=== Raw data ===
_ _ _ _ _

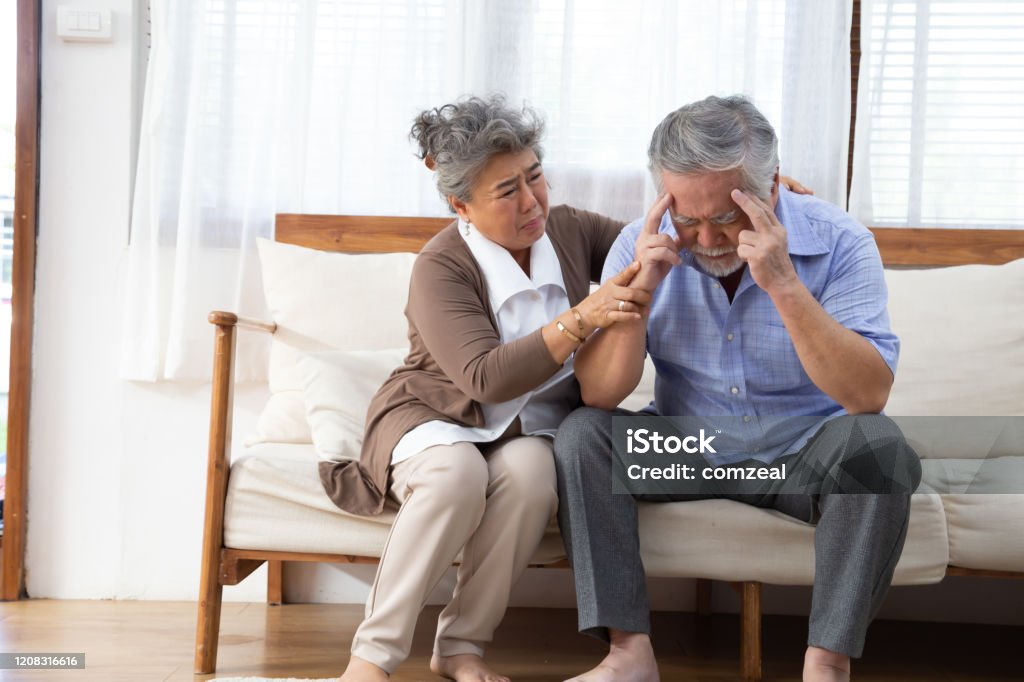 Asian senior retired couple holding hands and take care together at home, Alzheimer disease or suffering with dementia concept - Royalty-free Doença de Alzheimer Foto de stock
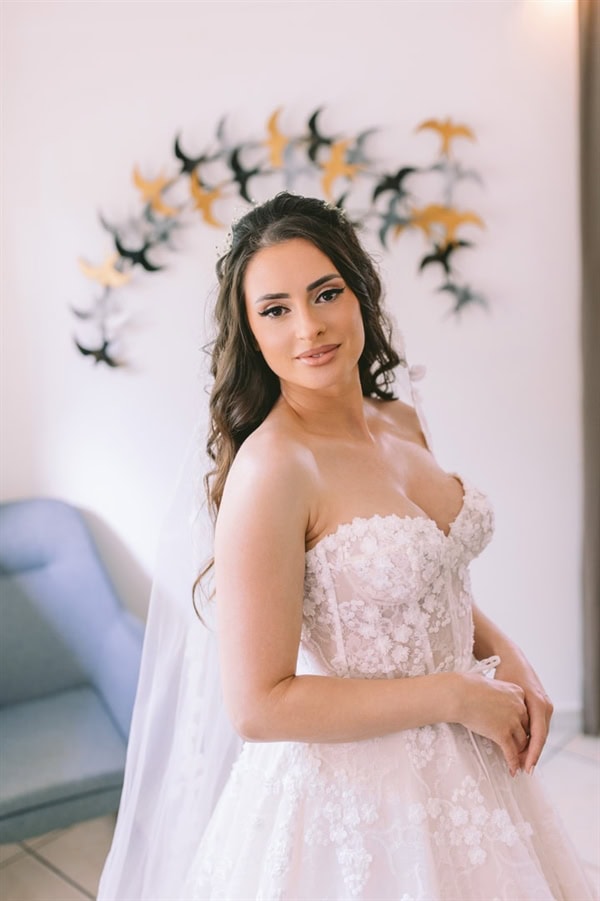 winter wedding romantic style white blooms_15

_ _ _ _ _

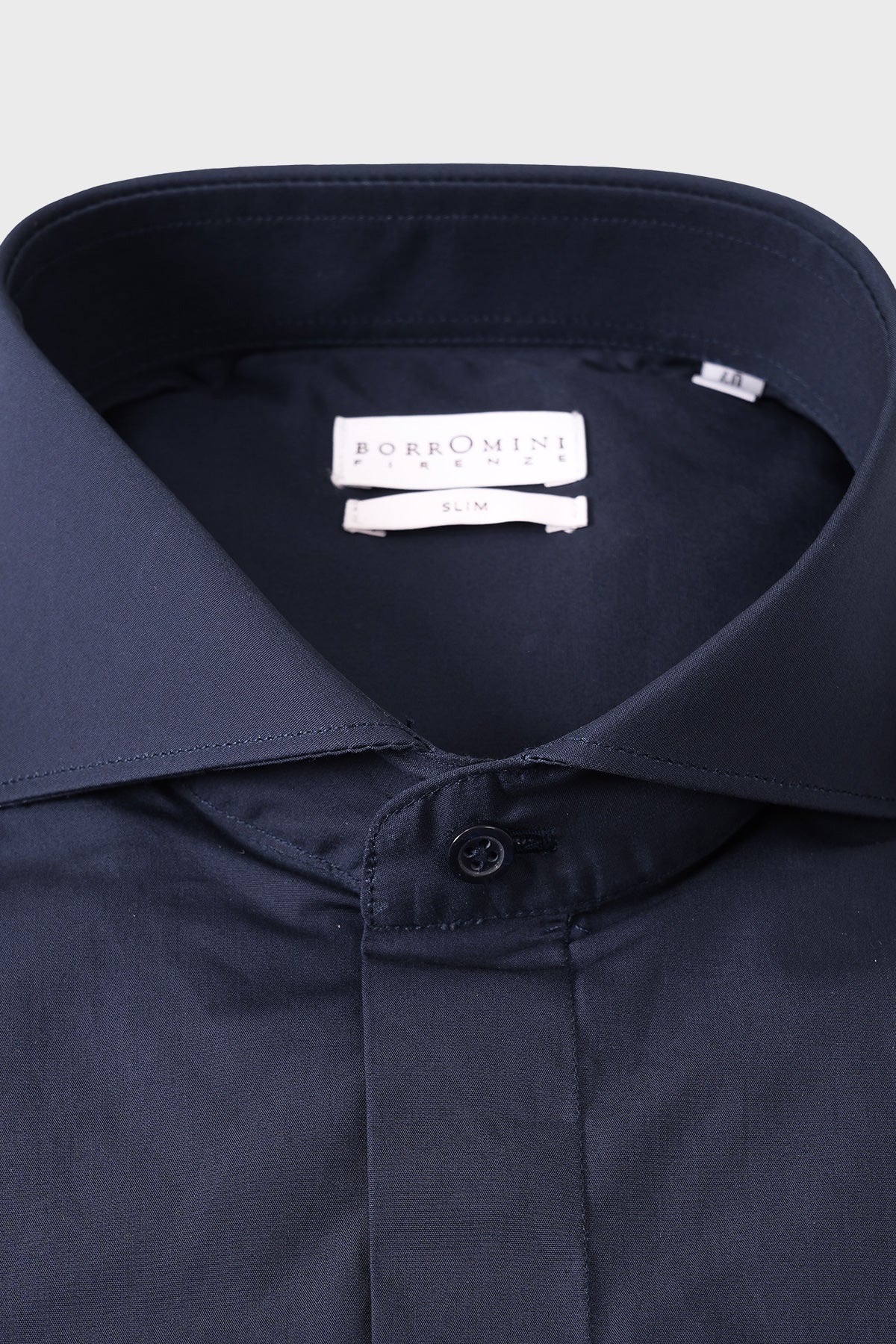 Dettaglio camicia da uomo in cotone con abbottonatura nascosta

_ _ _ _ _

=== Work to complete ===
Using the data above, copy exactly the lines from the one containing "Asian senior retired" to the one containing "winter wedding romantic", inclusive. Exclude the pictures.

=== Expected answer ===
 Asian senior retired couple holding hands and take care together at home, Alzheimer disease or suffering with dementia concept - Royalty-free Doença de Alzheimer Foto de stock
 winter wedding romantic style white blooms_15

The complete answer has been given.